I kept walking to the Biennale area at the very tip of Venice, where lots of work was in progress to prep the international pavilions for the next bi-annual Biennale Art Exhibition which opens in June this year. So since I felt out of place between all the workers, I didn't linger long but enjoyed the green quiet area of the Giardini Pubblici for some time. Finally I wandered back through Castello and Cannaregio when my bladder demanded attention. Since I wasn't far from the hotel at this stage, I decided to just buy a hot involtini for lunch and enjoyed it at the hotel sitting on my private jetty by the Canal Grande. Afterwards I went for one more walk through Cannaregio to Piazzale Roma to scout out how long the walk would be when I had the airport bus to catch, then back through Santa Croce and San Polo for a little afternoon nap.

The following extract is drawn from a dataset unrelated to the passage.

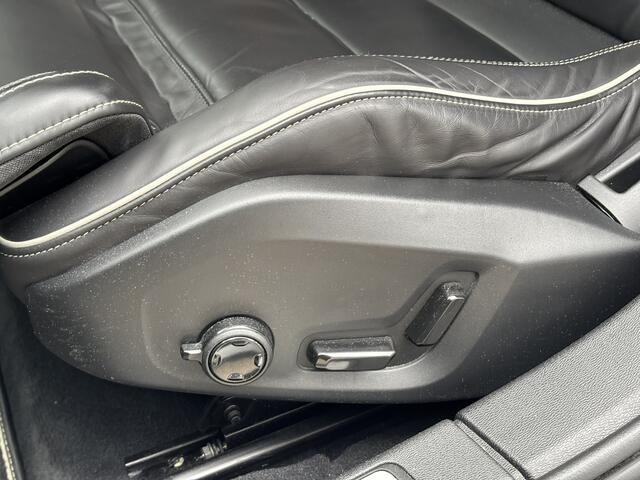 Volvo S60 2.0 T4 R-Design Polestar Engineerd / Applecarplay / Androidauto / Navi / Camera / Trekhaak Wegklapbaar /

The problem with travelling alone is that the evenings are often hard to fill with something to do, once museums and shops are closed. So I usually end up in the hotel room early for TV or reading and miss out on seeing a town by night - and I definitely did want to see Venice in the dark. So I was glad that I was able to get a somewhat cheap ticket to La Fenice, Venice's famous opera house which had burnt down in 1996 but was rebuilt in exactly the same lovely baroque style as before. They were doing a week of Mozart, so I had opted for "The Marriage of Figaro" which was on Wednesday. I had a nice dinner right beside the opera house before heading in for the show. It was rather good, though while it was no German Regietheater nonsense, the director did not only mess with the period but also with the ending, basically turning a comedy into a drama by having the Countess Almaviva throw herself from a window instead of forgiving her cheating husband. Ah well, in a way it's comforting to know that Germany isn't the only place where directors get to mess with operas and plays.


The walk back through the dark (but still busy) streets was quite nice too - the brightly light St. Mark's Square feeling even more like "Venice's living room" now. Sadly, my new camera didn't take any decent pictures of Venice by Night - I'll have to figure that out sometime.

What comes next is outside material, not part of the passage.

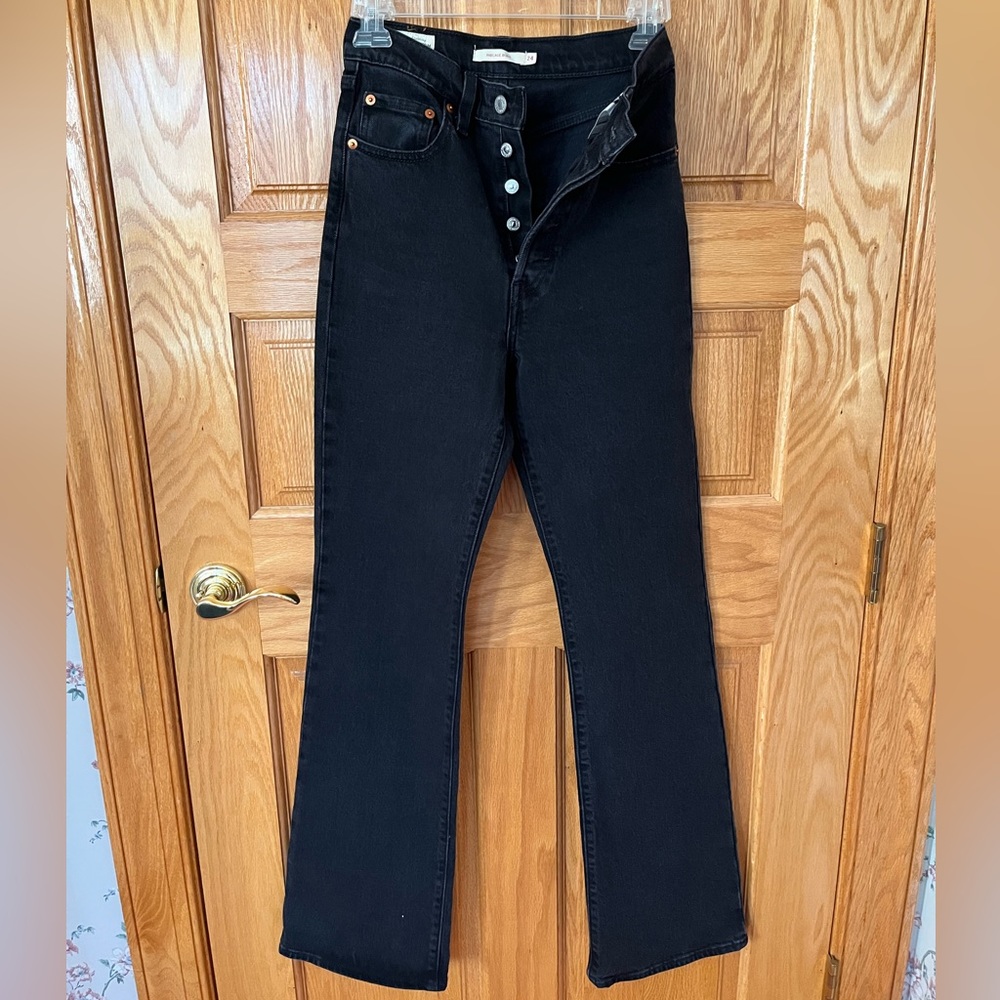 LEVI’S rib cage bootcut jeans.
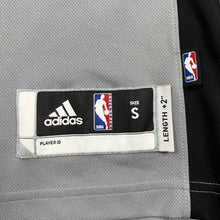 Load image into Gallery viewer, Adidas San Antonio Spurs Tim Duncan Basketball Jersey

Next morning I had planned one last stroll around, but Venice surprised me with pouring rain. So basically the only thing I did was buy an umbrella, wander over to St. Mark's Square one last time - where the rain was blown in straight from the sea - and squelch my way back to the hotel and from there to Piazzale Roma to catch the airport bus. My feet were still wet, when I came home hours later!

I feel like there's still a lot to discover in Venice which I haven't seen yet, so chances are, I'll be returning again someday. But it was great to discover the real Venice beyond the beaten tourist track that runs from Piazzale Roma via Rialto to San Marco and a few other bits, to realize that despite the millions of tourists and the rampant commercialism, there's still a real breathing living city hidden in the sestrieres, a city that is still unique in the world and will hopefully remain this way for a long way to come.